>Typographic Classification

>So I just finished entering most of it and thanks to a flakey internet connection it is all lost. I'm calling this one a night and I'll recompile it in the morning. Expect to see multiple updates of this post just so I don't loose all my data. So maybe a few people in class would like to find some free fonts try Dafont

_ Old Style- typefaces from the 14th and 15th century rooted in the renaissance, they from have a low level of contrast and a friendly appearance. Their emulation of calligraphy hurts the print quality of this class vs other fonts designed for print. Garamond would be an example of this class with rounded serifs that are bracketed.

_ Transitional- Sharper seriffing and a stronger vertical than the old style these fonts were a bridge used in the transition to copper and wood. Baskerville is an example of this class.

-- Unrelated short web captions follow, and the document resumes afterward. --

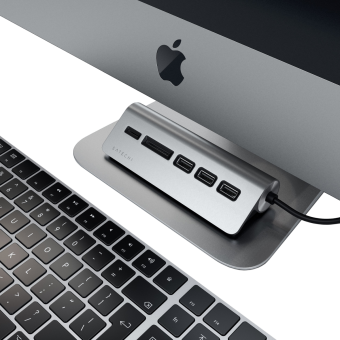 Ein silberner Satechi USB-Hub befindet sich unter einem iMac und einer Tastatur.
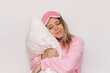 © Марина Демешко - A young sleepy blonde woman in a pink pajamas and sleep mask with her eyes closed hugs a pillow isolated on a white background. Insomnia, sweet dreams, cuddling with a pillow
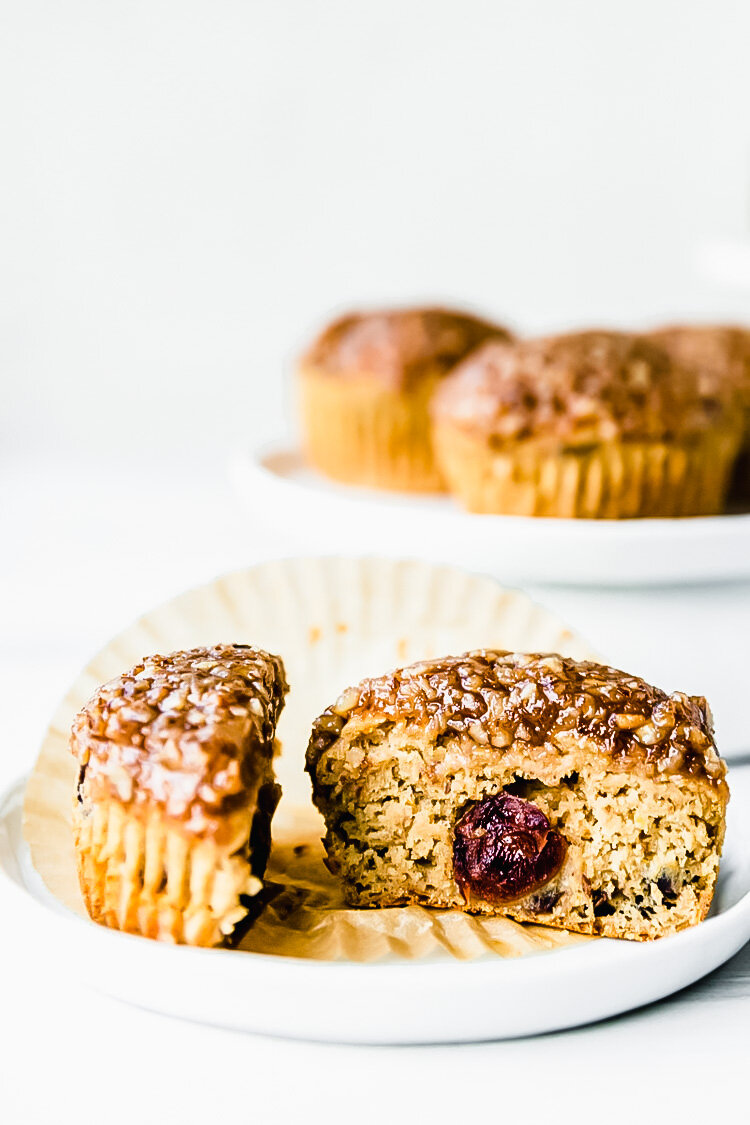 Easy Gluten-free Vegan Cranberry Orange Muffins with Maple Pecan Topping. Recipe &amp; photo by Kari | Beautiful Ingredient. #glutenfree #vegan #oat #muffins #breakfast #orange #cranberry #maple #bourbon #pecan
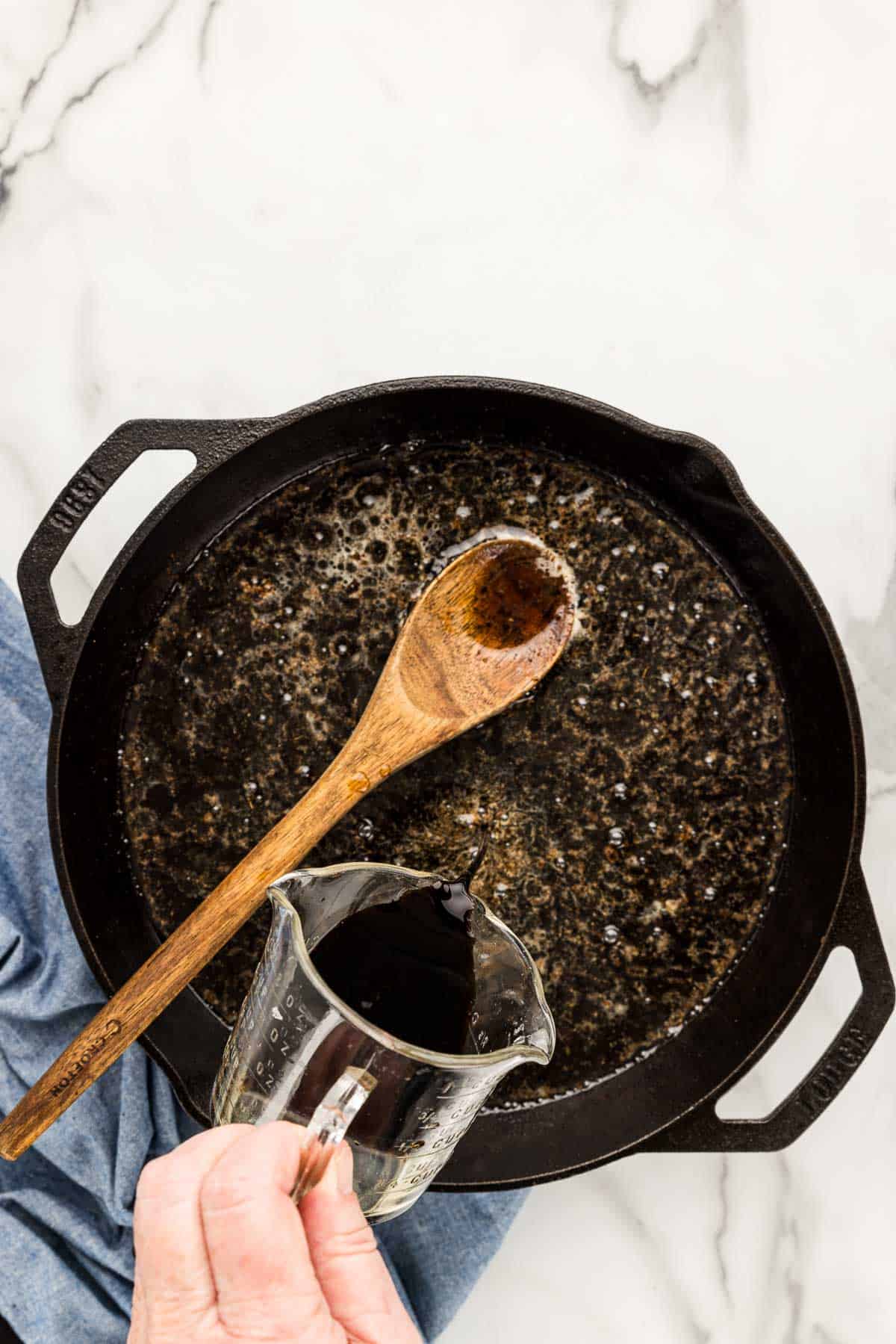 A skillet with a measuring cup of sauce being poured and a cooking spoon.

_ Modern- Were much more dynamic than previous generations combining slab serifs and the use of different line stroke weights. Bodoni is an example of the high contrast font class.

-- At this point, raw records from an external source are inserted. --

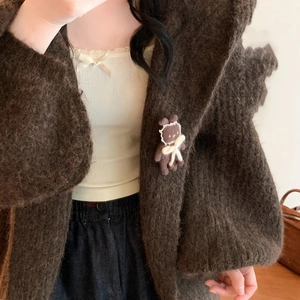 Dettaglio di una graziosa spilla a forma di coniglio marrone su un morbido cardigan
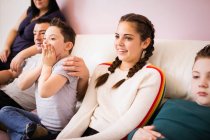 Счастливая семья смотрит телевизор на диване гостиной — стоковое фото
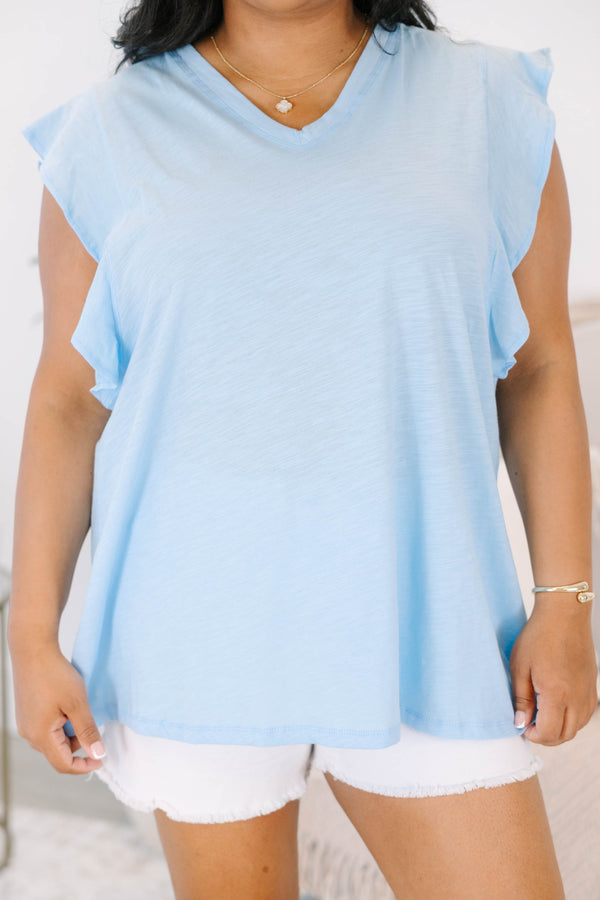 Plus Size light blue V-neck top with flutter sleeves and white frayed denim shorts.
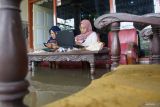 Warga duduk di teras rumah sambil bekerja saat banjir mengenangi Dusun Beluk, Desa Jombok, Kecamatan Kesamben, Kabupaten Jombang, Jawa Timur, Senin (9/12/2024). Dari data BPBD Kabupaten Jombang, banjir akibat luapan avour Watudakon ratusan rumah tergenang banjir dengan ketinggian bervariasi mulai 30 sentimeter hingga 60 sentimeter, selain itu sebanyak 600 jiwa terdampak serta 55 orang mengungsi ketempat aman. ANTARA Jatim/Syaiful Arif/mas.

_ Slab Serif- A type class used in advertising in the late 19th and early 20th key characteristics are the strong square ended serifs. Fonts in this class can range from dense to light but most maintain a high readability even at distance and have a strong presence on the page.

_ Sans Serif- Also refereed to as grotesk these fonts were developed for the press and were influenced by the bauhaus movement in Germany. They forgo seriffing for a much cleaner over all effect. This is by far the most commonly used font class currently due to the high legibility and relatively benign nature. Helvetica and Univers are the most common examples of the class.

_ Script- This font class emulates the handwritten word and has a lower contrast and light presence on the page. The stroke usually has a dynamic width and is closest to actual calligraphy of all classes.

_ Blackletter- Highly ornamental based on the work of scribes for the illuminated manuscripts this font if highly dynamic in it's use of stroke weight and ornamentation of the individual letters. The overall contrast on the page is pretty low though. Old English is an example of the class as well as the type face used for the mast head of the New York Times

_ Grunge- Distressed typefaces featuring a worn and abused look. The use of these is more common in screen printing and posters where the increased size offers better legibility. 28 Days Later is one of my favorites from this class.
Here is a link to a list of this designers top 60.

_ Monospaced- these fonts were developed first for the typewriter and then used on computers and are still used in terminal applications. Each character uses the same amount of space. These fonts therefore are great for technical applications but do not offer the same variation of color on the page that a non monotype would offer. You can find many monospace variation of the other font classes.

_ Undeclared- is a catch all for those fonts that escape they previous categories. And all my searches have given me nothing other than that short answer.

There are of course many subsets in each class depending on how far you want to go into this.